The Liberty Alliance Project intends to create a single sign-on and decentralised authentication system for online services by providing interoperability through an open specification.
The project charter members include Bank of America, i2, General Motors, RSA Security, Entrust, American Airlines and Verisign.
Technology companies in the alliance include Cisco Systems, IBM, Philips Electronics, Nokia, NTT DoCoMo, the Apache Software Foundation, and RealNetworks.
Unlike the Passport initiative, which gives Microsoft control over users' identity information, the Liberty project would enable consumer information to be distributed, such as financial information with financial services companies, medical information with medical authorities.
While the alliance has not yet decided on the exact technologies it will use for the authentication process, the group plans to allow each company involved to store user information on its own servers, Sun said.
Smartcards and biometrics technology could be two of the possible means of authentication.
Sun vice president of public policy, Piper Cole, said the project is committed to protecting consumer privacy and security while providing personalised services and products.
Cole said the alliance would form a Privacy and Security Working Group to develop a privacy framework and consult with privacy groups and government agencies.
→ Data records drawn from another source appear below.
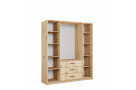 Šatní skřín Bariko 200cm, dub artisan 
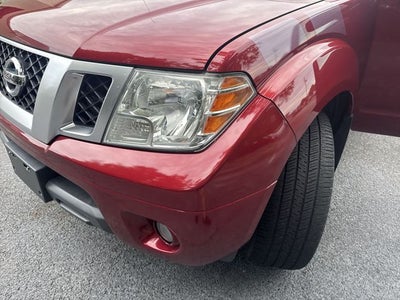 2020 Nissan Frontier SV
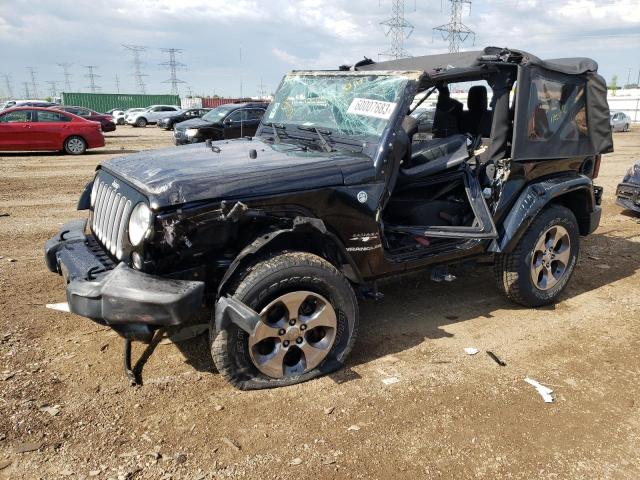 Jeep Wrangler s (2016)
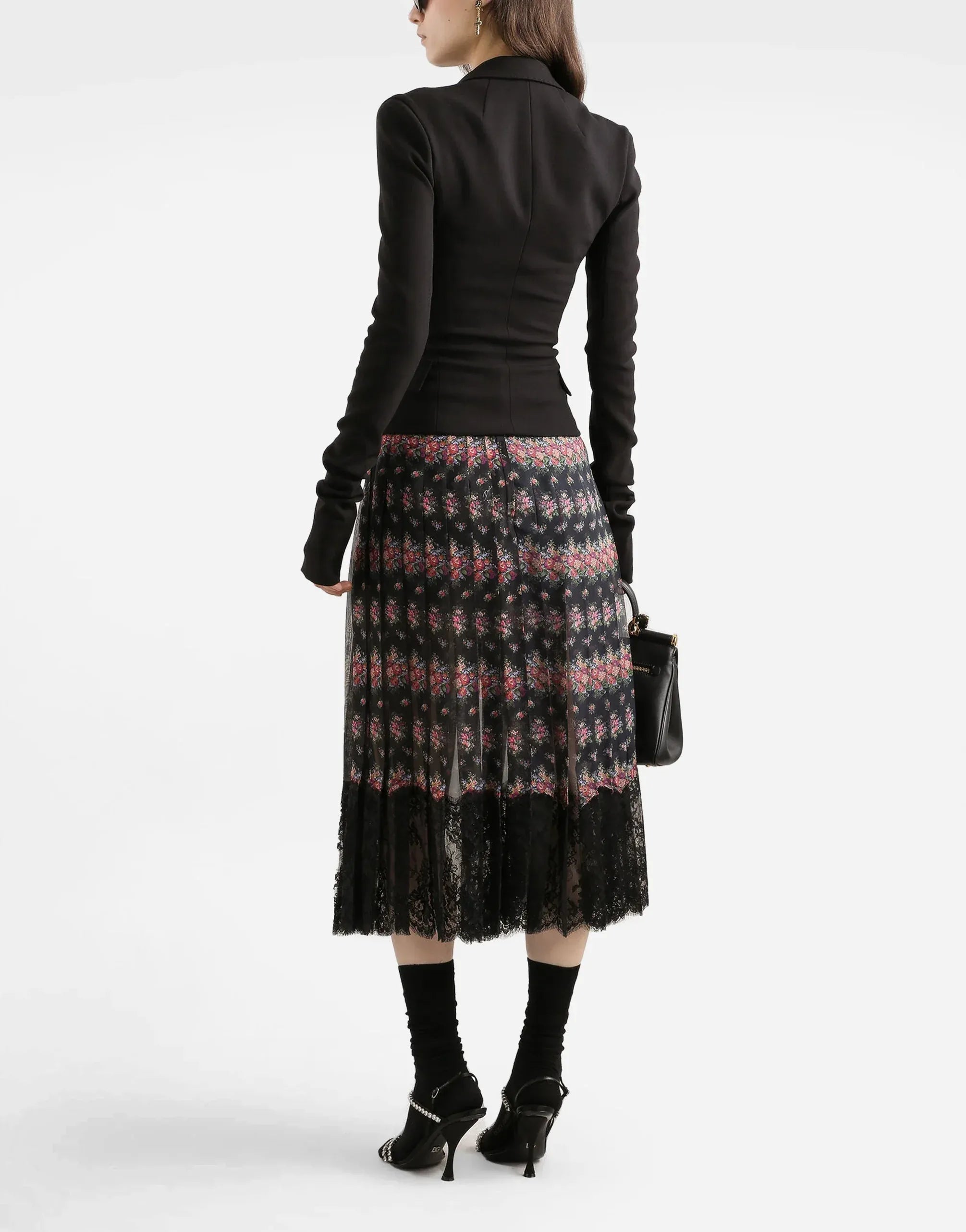 Dolce & Gabbana Wool Canvas Jacket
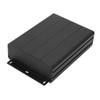 Small Metal Case Casing Aluminum 45 * 122 * 160mm Matte Black Box Extruder Aluminum Alloy Shell GPS Case Casing view 4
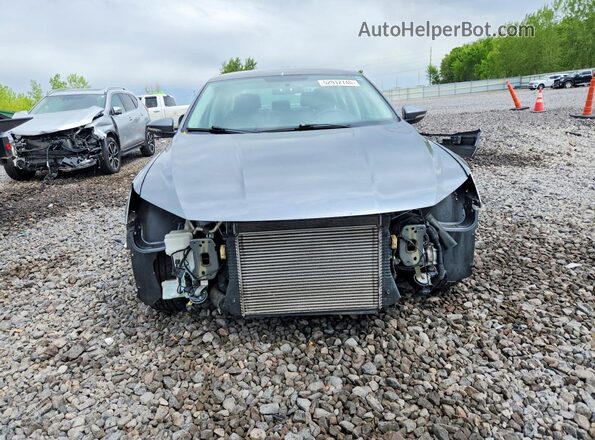 1VWAT7A36GC056589 2016 VOLKSWAGEN PASSAT Gray Front view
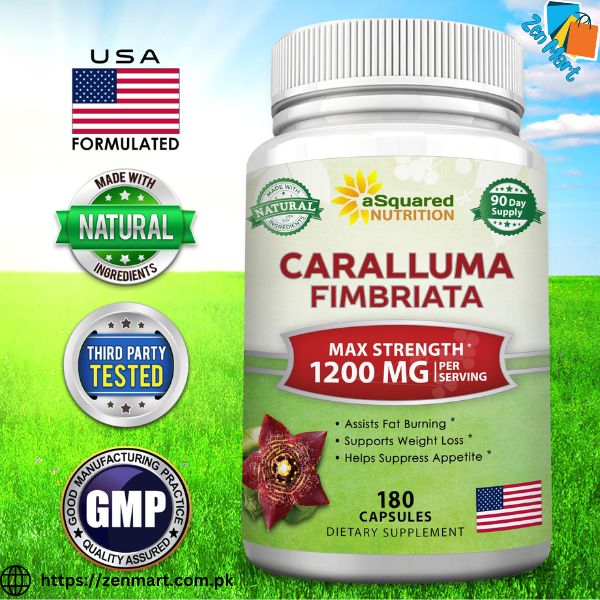Caralluma Fimbriata Capsules For Weight Loss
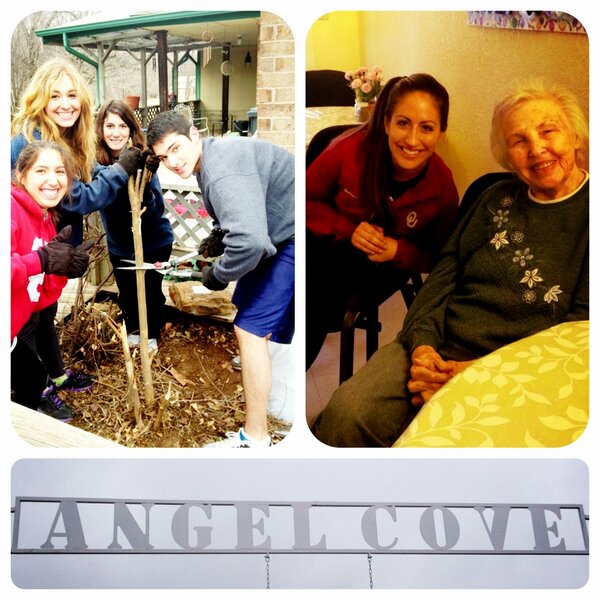 OUBIGEVENT's tweet photo. Big Event exec and ops staff serving one of our favorite jobsites this morning!  #bigevent2013 http://t.co/ANwXQQq1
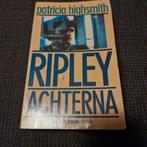 Patricia highsmith - ripley achterna, Boeken, Ophalen of Verzenden, Zo goed als nieuw, Nederland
Sun officials said the alliance was formed within the last 60 days and that it would welcome input from all interested parties, including Microsoft.
A Microsoft spokesman said Sun's announcement is a reaction to the inroads Microsoft has made with Passport.
Microsoft's Passport service, which has about 165 million users, allows web users single sign-on to a variety of services.
Passport has been widely criticised by opponents, including a coalition of privacy groups led by the Electronic Privacy Information Centre, which filed a complaint against Microsoft with the Federal Trade Commission earlier this year.